How would they acquire their first 10, 50, and 100 customers
- First 10: Contact users who starred/downloaded Bonsai and offer hands‑on help (fine‑tuning, integration, short engineering sprints) to co‑build small case studies and convert them into reference customers (Hugging Face, GitHub).
- First 50: Run a limited SDK preview and funded pilots targeting mobile/IoT teams, with device reference apps (phone assistant, offline summarizer, Raspberry Pi demo), clear docs, and rapid technical support (homepage, Bonsai notes on kernels).
- First 100: Convert pilots to paid pilots with NDAs/compliance, provide on‑device integration help and enterprise support contracts, and launch select hardware partnerships to preinstall/co‑optimize the runtime (YC page, GitHub/runtime roadmap).

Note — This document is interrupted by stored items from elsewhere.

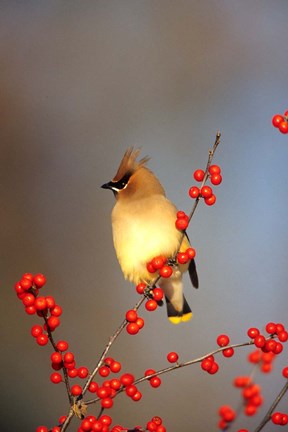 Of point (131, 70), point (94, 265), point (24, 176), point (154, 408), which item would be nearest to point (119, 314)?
point (94, 265)

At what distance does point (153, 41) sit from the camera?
15.8ft

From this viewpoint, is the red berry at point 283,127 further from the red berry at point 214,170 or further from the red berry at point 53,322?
the red berry at point 53,322

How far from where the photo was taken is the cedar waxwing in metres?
2.66

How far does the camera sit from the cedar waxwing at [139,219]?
2.66 meters

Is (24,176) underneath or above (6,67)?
underneath

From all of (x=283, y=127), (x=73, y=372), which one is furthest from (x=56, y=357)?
(x=283, y=127)

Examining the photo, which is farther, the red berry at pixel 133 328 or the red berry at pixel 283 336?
the red berry at pixel 133 328

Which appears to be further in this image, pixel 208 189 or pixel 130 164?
pixel 130 164

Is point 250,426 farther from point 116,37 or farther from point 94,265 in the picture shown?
point 116,37

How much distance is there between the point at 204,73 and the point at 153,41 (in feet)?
1.46

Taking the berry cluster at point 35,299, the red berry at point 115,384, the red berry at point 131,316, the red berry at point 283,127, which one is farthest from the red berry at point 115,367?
the red berry at point 283,127

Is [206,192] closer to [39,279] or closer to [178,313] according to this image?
[39,279]

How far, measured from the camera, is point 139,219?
9.04 feet

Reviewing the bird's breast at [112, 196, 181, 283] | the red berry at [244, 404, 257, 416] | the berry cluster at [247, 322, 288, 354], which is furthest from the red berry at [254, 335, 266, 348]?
the bird's breast at [112, 196, 181, 283] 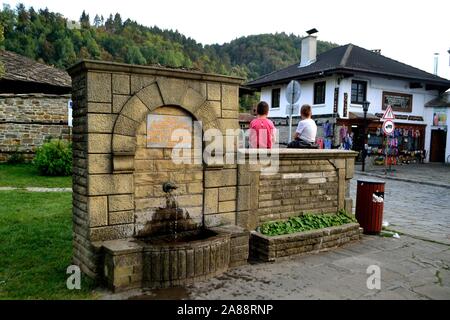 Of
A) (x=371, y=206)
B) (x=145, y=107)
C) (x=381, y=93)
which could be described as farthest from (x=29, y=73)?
(x=381, y=93)

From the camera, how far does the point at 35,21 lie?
5378 cm

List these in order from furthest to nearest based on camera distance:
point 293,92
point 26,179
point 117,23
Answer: point 117,23 < point 26,179 < point 293,92

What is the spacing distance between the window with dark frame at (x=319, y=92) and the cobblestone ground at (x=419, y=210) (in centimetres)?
1143

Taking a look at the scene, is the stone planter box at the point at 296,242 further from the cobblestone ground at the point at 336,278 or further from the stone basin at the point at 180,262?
the stone basin at the point at 180,262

What is the rough total addressable market
Top-down context:
The directly relevant market is on‑device AI software and runtimes, projected to reach about $36.6B by 2030; adding a modest slice of regulated on‑prem enterprise demand puts a practical target around $40–60B (Grand View on‑device AI, Fortune Business Insights AI market).
Bottom-up calculation:
Assume 3–6B active devices running on‑device LLMs by 2030 with $0.50–$2 per‑device/year bundled software/runtime fees via OEMs ($1.5–$12B), plus 200–500 regulated enterprises at $0.5–$2M/year ($0.1–$1B). That implies roughly $2–13B in annual software revenue potential for a vendor in this category, a meaningful slice of the $36.6B on‑device AI market by 2030 (Grand View on‑device AI).
Assumptions:
- Per‑device software royalties or equivalent OEM bundling are viable for phones, wearables, and smart/home devices.
- Enterprise on‑prem/on‑device demand remains a small but durable portion of overall AI budgets by 2030.

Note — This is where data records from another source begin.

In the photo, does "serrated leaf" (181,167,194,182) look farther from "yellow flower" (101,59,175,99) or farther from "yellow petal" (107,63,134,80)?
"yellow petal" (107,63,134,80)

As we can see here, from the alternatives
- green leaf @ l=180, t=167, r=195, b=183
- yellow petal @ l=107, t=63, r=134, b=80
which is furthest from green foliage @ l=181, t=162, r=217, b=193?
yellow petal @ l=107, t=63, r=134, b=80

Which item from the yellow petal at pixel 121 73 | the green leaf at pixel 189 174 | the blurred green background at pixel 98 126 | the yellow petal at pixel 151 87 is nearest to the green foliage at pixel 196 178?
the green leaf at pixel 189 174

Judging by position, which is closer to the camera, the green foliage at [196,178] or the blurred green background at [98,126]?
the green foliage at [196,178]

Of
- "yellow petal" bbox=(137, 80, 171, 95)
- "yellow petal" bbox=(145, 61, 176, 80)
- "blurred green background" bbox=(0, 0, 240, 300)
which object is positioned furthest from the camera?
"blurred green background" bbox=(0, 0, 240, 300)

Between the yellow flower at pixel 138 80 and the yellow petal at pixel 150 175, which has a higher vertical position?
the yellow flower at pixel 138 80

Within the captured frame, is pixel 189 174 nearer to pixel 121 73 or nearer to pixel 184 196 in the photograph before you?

- Definitions in market reports align with software/runtime spend rather than being dominated by hardware.
Who are some of their notable competitors
- llama.cpp / ggml ecosystem: Open‑source tooling to run quantized LLMs locally across CPUs/NPUs/GPUs; for many developers it’s the fastest path to on‑device inference today, overlapping with DeepGrove’s model+runtime pitch (llama.cpp).
- Hugging Face (model hub + Optimum): Hosts compact/quantized models and provides optimization/export pipelines (Optimum) for many hardware targets, offering an end‑to‑end ecosystem that can substitute for a bespoke ternary model stack (Optimum docs).
- Google’s on‑device stack (TensorFlow Lite / LiteRT): A widely adopted mobile/embedded inference toolchain with conversion, quantization, and profiling; default choice for many Android and IoT deployments (LiteRT overview, LiteRT announcement).
- Apple Core ML: Apple’s native on‑device ML framework and conversion tools integrated with iOS and Apple Silicon; the mainstream option for offline AI in iPhone apps (Core ML docs).
- Chip vendors + SDKs (Qualcomm, Arm, NVIDIA): Hardware vendors provide optimized runtimes/model compilers (e.g., Qualcomm AI Engine Direct/AI Hub, Arm Compute Library/Ethos, NVIDIA TensorRT/Jetson), letting teams tune models to existing accelerators instead of adopting new model formats (Qualcomm, Arm, TensorRT/Jetson).